La première de Lady Sir à Bourges

BOURGES
DE NOTRE ENVOYE SPECIAL

Les affiches électorales déchirées étaient là pour nous le rappeler dans les artères d’une manifestation à forte majorité mélenchonienne à en croire les sondages improvisés. La presse locale n’a pas manqué non plus de nous rappeler que le policier Xavier Jugelé, assassiné Champs-Elysées par Karim Cheurfi, était né à Bourges. Et ce sont plus de 500 policiers – un record de mémoire de festival – qui ont assuré la sécurité des milliers de personnes venues pour s’amuser et se détendre.

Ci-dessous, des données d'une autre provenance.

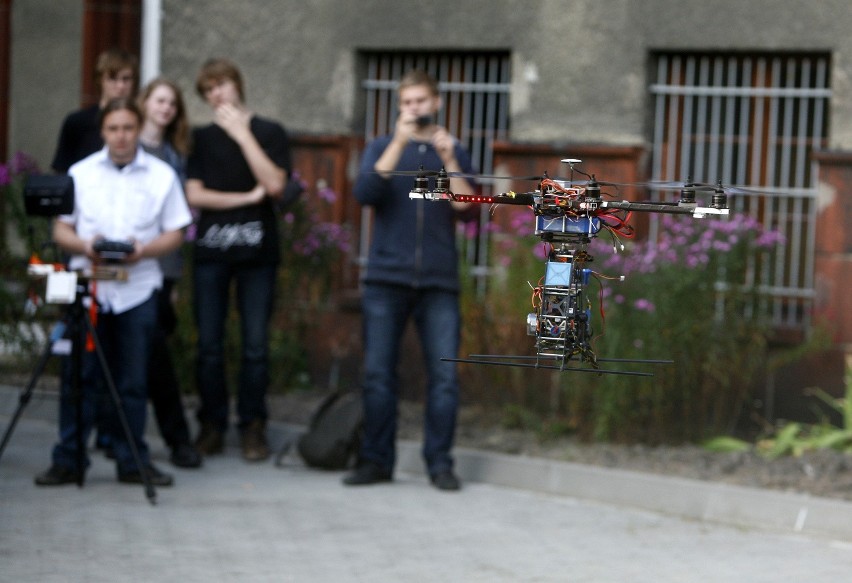 Śląska Noc Naukowców 2012 na Politechnice Śląskiej [ZDJĘCIA]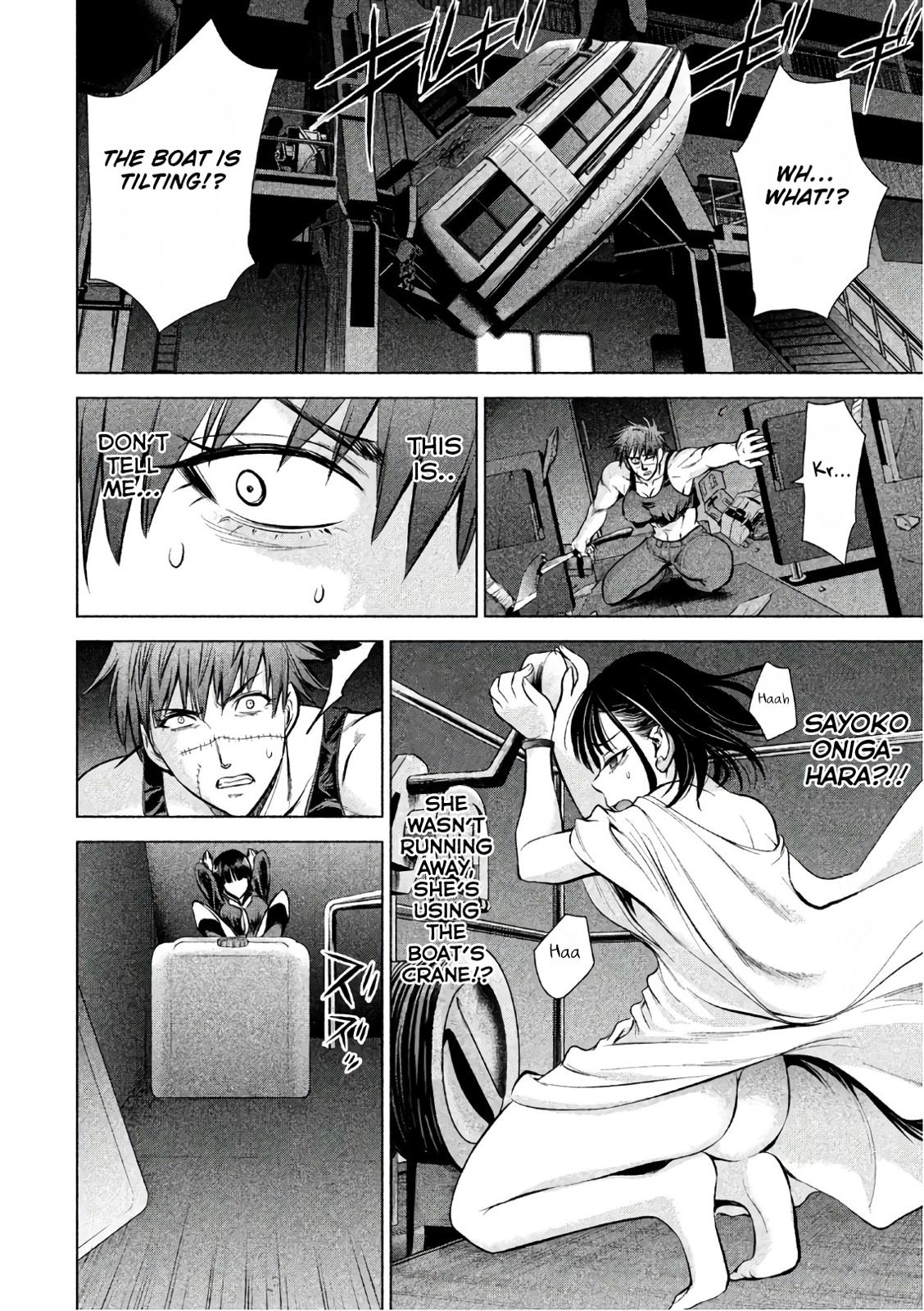 Satanophany Chapter 77 15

Malgré tout ça, le public a répondu présent en masse et tout s’est bien déroulé cette semaine en Berry, dans une ambiance bon enfant.
Samedi, le théâtre Jacques-Cœur était complet pour la double affiche Albin De La Simone et Lady Sir. Albin présentait son nouvel album entouré de ses habituelles demoiselles (violoncelliste et violoniste) et de son guitariste-percussionniste. Tout cela sans sonorisation – sinon vocale – pour préserver l’intimité et l’authenticité de son propos : les relations au sein du couple, la difficulté d’aimer et de faire durer l’amour. Cette proximité acoustique, c’est justement ce que recherche en ce moment un public en quête de vérité et d’originalité. Albin, avec douceur, humour et finesse a superbement rempli sa mission.
Le suivaient sur la même scène Rachida Brakni et Gaëtan Roussel qui ont choisi le Printemps pour la première sortie publique – comme le dit Gaëtan – du projet Lady Sir.
Entourés d’un véritable groupe rock très électrique, les deux chanteurs n’ont pas cherché à masquer leur concentration et la tension propre à toute première. Les chansons neuves sont très bien déclinées mais cela manque encore un peu de chaleur. Gaëtan s’en est sans doute rendu compte au moment de reconnaître qu’ils étaient très impressionnés car d’habitude plus bavards. « On a plein d’histoires à raconter mais ce sera pour la prochaine fois. »
Le voyage valait malgré tout le déplacement car la classe et le plaisir étaient bien au rendez-vous.

Quand les livres chantent

On retiendra de cette quarante-et-unième édition berrichonne le succès des rencontres intimes entre musique et littérature. Quatre écrivains figuraient au programme du Printemps 2017. Delphine de Vigan, romancière et réalisatrice, a rendu un hommage à Bob Dylan en compagnie de la Grande Sophie alors que Virginie Despentes, en compagnie du groupe rock Zëro, a lu le Requiem des innocents de Louis Calaferte. Mais c’est encore mieux quand les auteurs défendent eux-mêmes leurs textes en musique. Ainsi Magyd Cherfi, le chanteur toulousain de Zebda, a-t-il, au Palais Jacques Cœur, lu des extraits de ses trois livres (La trempe, Livret de famille et Ma part de Gaulois) accompagné, pour trois chansons, du pianiste Samir Laroche. Magyd fait plus que lire, il interprète, éructe, vit complètement ses souvenirs d’enfance et de famille. Son rapport aux mots comme aux gens fait étroitement partie de son identité multiple. Identité aussi avec Gaël Faye, prix Goncourt des lycéens pour son Petit pays (le Burundi) qui lit et slamme, flanqué du guitariste et chanteur Samuel Kamanzi. Sa famille aussi est au centre de son récit qui, à Bourges, s’est terminé par le génocide rwandais de 1994, créant une tension et une émotion vraie qui a véritablement ému un public sous le charme d’un auteur, d’un artiste, d’un récit. Les histoires authentiques ne sont-elles pas les plus belles ?
THIERRY COLJON

Albin de la Simone sera aux Nuits Botanique le 11 mai et à Tournai du 12 au 14 mai.